Franklin finalist for pair of coach of the year honors

Jeff Nelson
December 16, 2016

UNIVERSITY PARK, Pa. -- Penn State head coach James Franklin is among the finalists for a pair of National Coach of the Year honors. The third-year Penn State head coach is one of three finalists for AP National of the Year and is one of nine finalists for the Paul “Bear” Bryant Award.

The AP Coach of the Year will be announced on Thursday, while the “Bear” Bryant winner will be selected on Jan. 11, 2017. This is Franklin’s second time as a finalist for the Paul “Bear” Bryant Award. He was a finalist for the honor in 2012, which Penn State head coach Bill O’Brien won.

Previously, Franklin was named the Sporting News National Coach of the Year. He is the second Penn State head coach to win the honor, joining Joe Paterno, who claimed the award in 2005. He was also selected as the College Sports Madness National Coach of the Year. Additionally, he is a finalist for the 2016 Eddie Robinson Coach of the Year award as presented by the Football Writers Association of America.

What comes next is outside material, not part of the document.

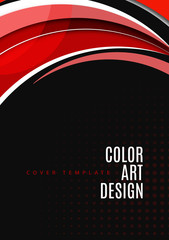 Colorful geometric background. Round smooth elements. Dynamic composition of figures. Modern bright creative design. Vector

Franklin guided the Nittany Lions to their first Big Ten Championship since 2008 and fourth overall (1994, 2005, 2008). He led the Nittany Lions to the Big Ten East title, its second divisional title (2011). Franklin guided the Lions to a No. 5 ranking in the CFP, Associated Press and Amway Coaches polls, the highest ranking for the Nittany Lions since 2009.

At 11-2, Franklin guided the Nittany Lions to their sixth 11-win season since Penn State joined the Big Ten. The Nittany Lions are riding a nine-game winning streak, which is the program’s longest since 2009. Penn State finished 8-1 in Big Ten play, marking the second eight-win conference season in program history to join the 1994 team that went 8-0.

The third-year head coach has earned Big Ten Coach of the Year from the Associated Press and the conference’s media. Franklin’s Dave McLain Big Ten Coach of the Year marks the fifth time a Penn State head coach has won the honor, joining Paterno (1994, 2005, 2008) and Bill O’Brien (2012).